__Data below__.
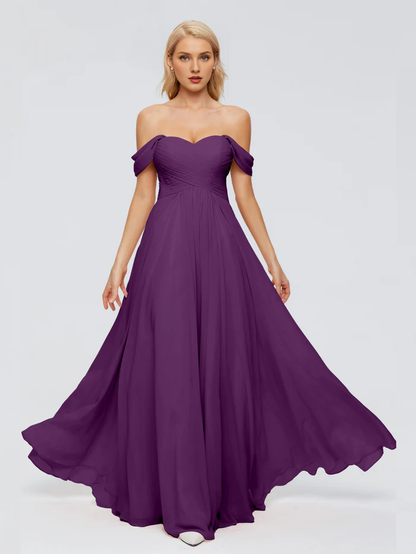 Off shoulder chiffon and floor length bridesmaid dress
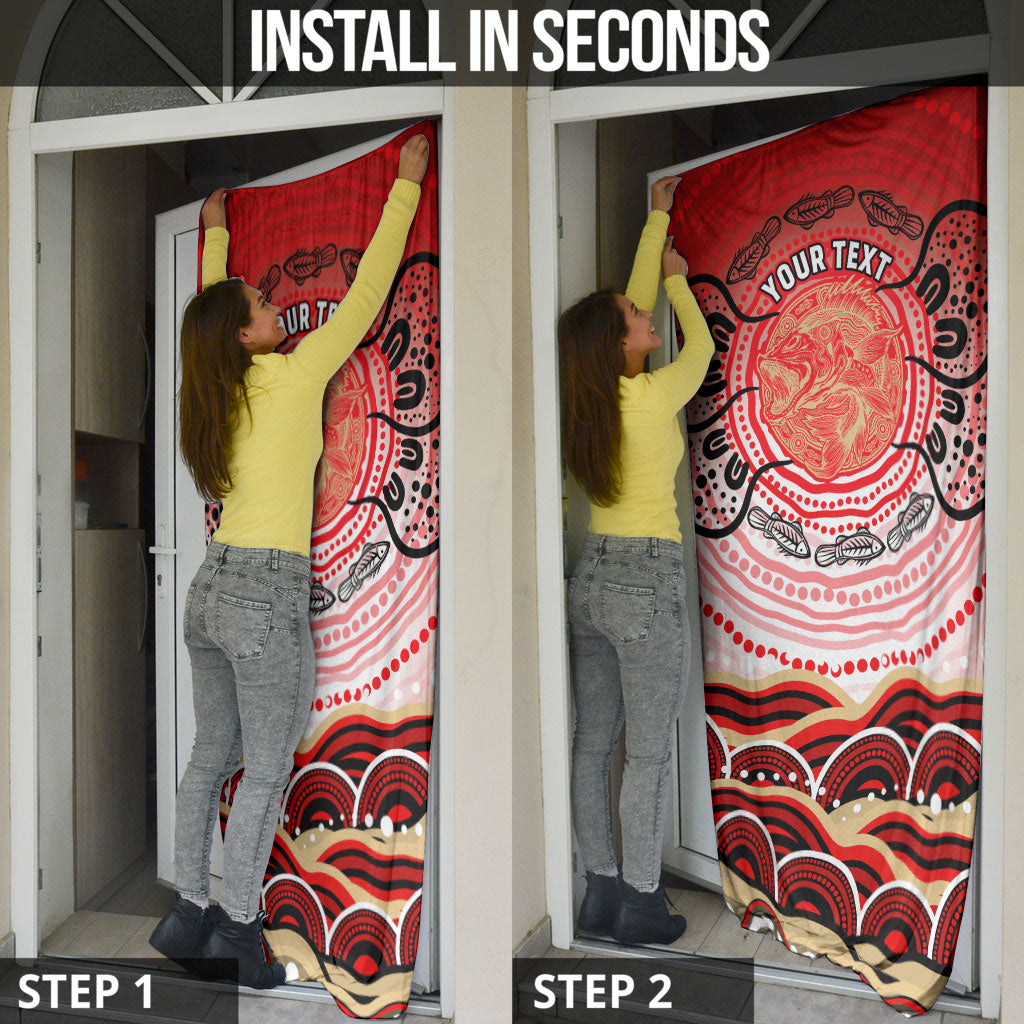Personalised Aboriginal Barramundi Fish Door Cover Indigenous Dot Art - Dreamtime Spirit Animal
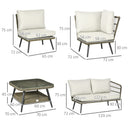 Outsunny Rattan Corner Sofa, Rattan Garden Furniture w/Glass Top Two-tier Table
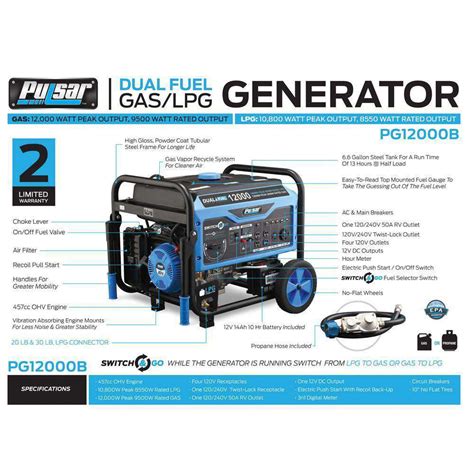 Pulsar Products PG12000B 12000W/9500W Dual Fuel Electric Start Portabl – FactoryPure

__Action item__. What you give back should be exactly the lines from the line holding "Outsunny Rattan Corner" through the final line of the material, both ends included, and please leave out the pictures.

__Answer space__.
 Outsunny Rattan Corner Sofa, Rattan Garden Furniture w/Glass Top Two-tier Table
 Pulsar Products PG12000B 12000W/9500W Dual Fuel Electric Start Portabl – FactoryPure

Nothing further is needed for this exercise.